# SW Weekends



## RAXL (Jul 9, 2004)

Today, I'm off to Star Wars Weeekends at Disney:smoking:  
Because, I am a geek.


----------



## grapegrl (Jan 3, 2006)

Man!
/pouts
//another Star Wars geek


----------



## Bone Dancer (Oct 7, 2005)

RAXL said:


> Today, I'm off to Star Wars Weeekends at Disney:smoking:
> Because, I am a geek.


Admitting you have a problem is the first step to recovery. There is still hope for you. The next thing is to stop talking with your hand over your mouth so you sound like vadar.


----------



## Zombie-F (Apr 12, 2004)

Bone Dancer said:


> Admitting you have a problem is the first step to recovery. There is still hope for you. The next thing is to stop talking with your hand over your mouth so you sound like vadar.

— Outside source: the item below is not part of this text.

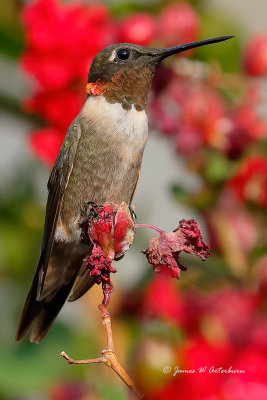 Ruby-throated Hummingbird
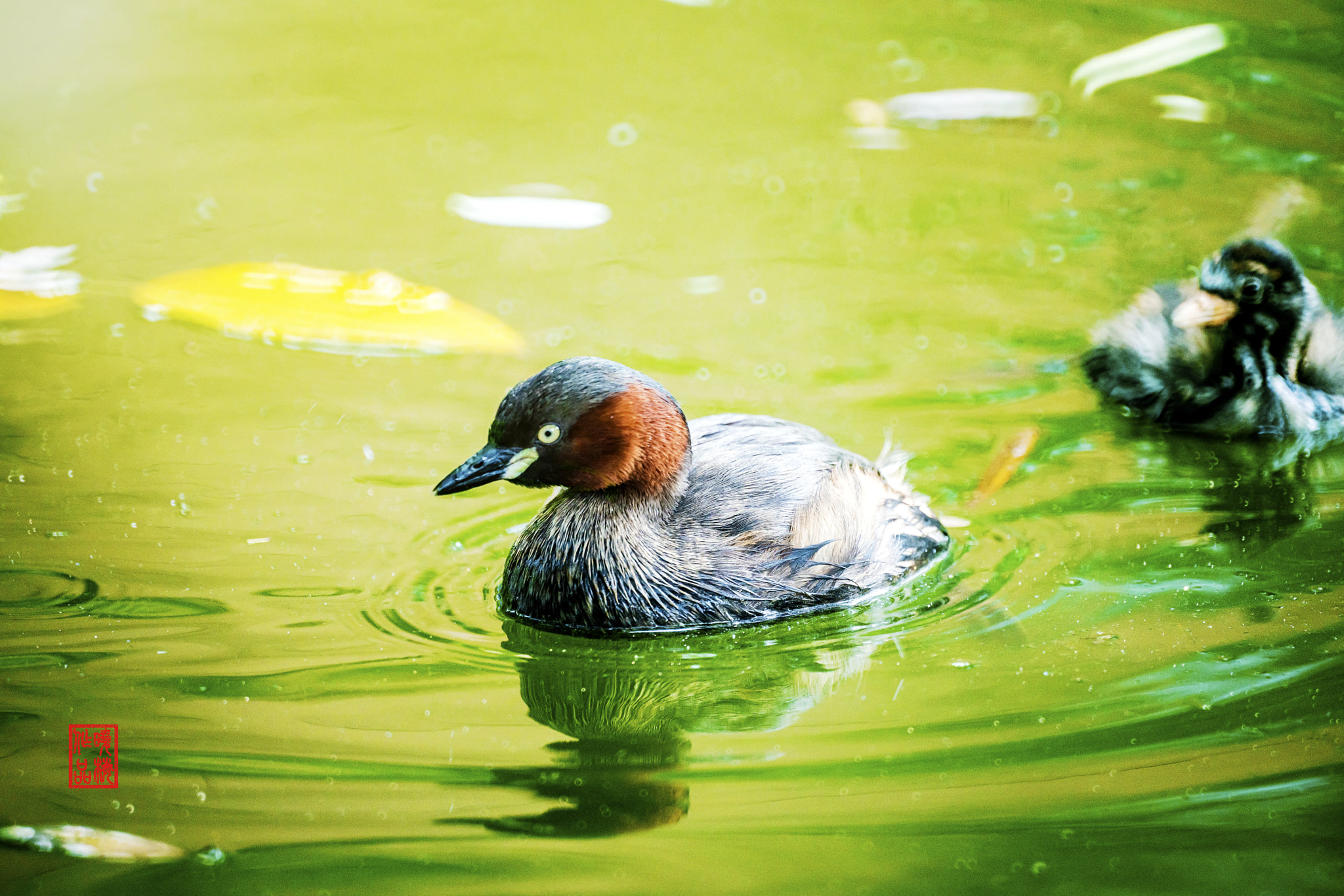 Sony a7R II + Sony 500mm F8 Reflex sample photo. 母子情深 photography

Actually, it's more pathetic than that. He uses a bucket instead of his hand. :googly:


----------



## grim reaper (Aug 18, 2005)

o god my brother loves starwars he even has a replica lightsaber (not the cheap crappy plastic one) its pretty cool tho looks real in the dark and lit up lol i dont mind the movies but a star wars sorta covention i would rather sleep in a graveyard (again) than go to one of them lol


----------



## heresjohnny (Feb 15, 2006)

Star Wars week is GREAT! Last year our kids got to battle Darth Vadar and Darth Maul in a light saber battle! Awesome!


----------



## Faustian_Pact (Apr 19, 2006)

Have fun with Yoda!


----------



## DeathTouch (Sep 6, 2005)

I like Star Trek better.


----------